Answers to each question bear a weight which will be aggregated and affect the final decision for each case. This calculation logic was created in Excel, using coefficients for answer intervals. For example, selecting between 6 and 20 into the question “How many individuals within the organization are assigned full-time to information security?” will give a coefficient of 0.75, while selecting 1 to 5 will be 0.50 by weight.
At the end of the questionnaire, a summary page that is only available to the admin users lists the completion rate, final scores on each category, and indicates whether there are any red flags. Some factors are simply too important and can make or break a deal. For instance, saying ‘No’ to the question “Does the vendor perform risk assessments on its third parties?” will raise a red flag and the system will display that something is wrong in the summary page. The company can decide on these parameters if they want to work with this firm.
The underlying logic consisting of weight distribution of each answer and the summary page data, like completion rate and red flags were created in Excel. The workbook was then transformed into a web application using SpreadsheetWEB. The spreadsheet provides all calculation data, while the software ensures that all information is transferred into a web interface. The end product is essentially a web application with an elegant design that can run complicated calculations, and has database integration for capturing inputs. A centralized platform helps store data in a scale-able way, while ensuring that all end users access the latest version of the questionnaire. Not to mention that workbook transfers and constant communication with the end users will be redundant at this point.
The summary page is reserved for the company that is conducting this survey. Therefore, it must be hidden from the end users. The web application allows for checking the user role in the system and only displaying this page when accessed by an admin user.

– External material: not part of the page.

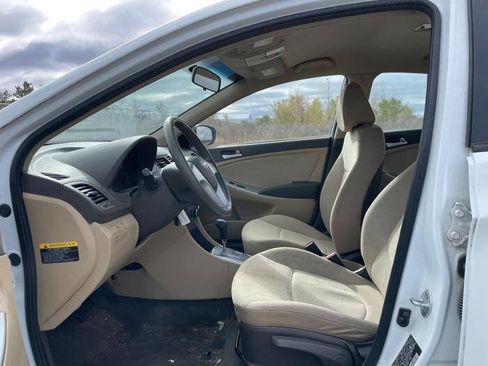 Used 2014 Hyundai Accent GLS image 20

A questionnaire with hundreds of questions can be hard to finish at one sitting. Users will want to go back and forth, save their data and come back at a later time. Page transitioning can be done easily using the left-hand menu. This also provides a nice overview of the entire system. When it’s time to take a break, users can save their progress by pressing the save buttons placed on each page. Saved data can then be accessed from the SpreadsheetWEB control panel. Obviously, users shouldn’t see each other’s data, and this can be configured through SpreadsheetWEB’s group management module.
This questionnaire was created in about 3 hours from scratch. This includes creating the calculation logic in Excel, uploading the workbook into a SpreadsheetWEB server, and building the web interface using the designer. Building a complex questionnaire like this would have taken days if not weeks using traditional approaches.
Since data is collected in a single accessible location, it’s extremely easy to produce a real-time overview of the system for an approval/denial mechanism. As soon as a record is entered, admin users can review it and make decisions in real-time.
Questionnaires play a very important role in decision-making processes. Businesses prefer creating them using the tool that they’re most comfortable with: Excel. Although Excel is a great platform to build these types of forms, moving them to the web can alleviate most of the challenges that comes with using a desktop software for collecting and processing data. SpreadsheetWEB can help you tap into your Excel expertise and transform a complicated questionnaire into full-blown applications with centralized control in no time.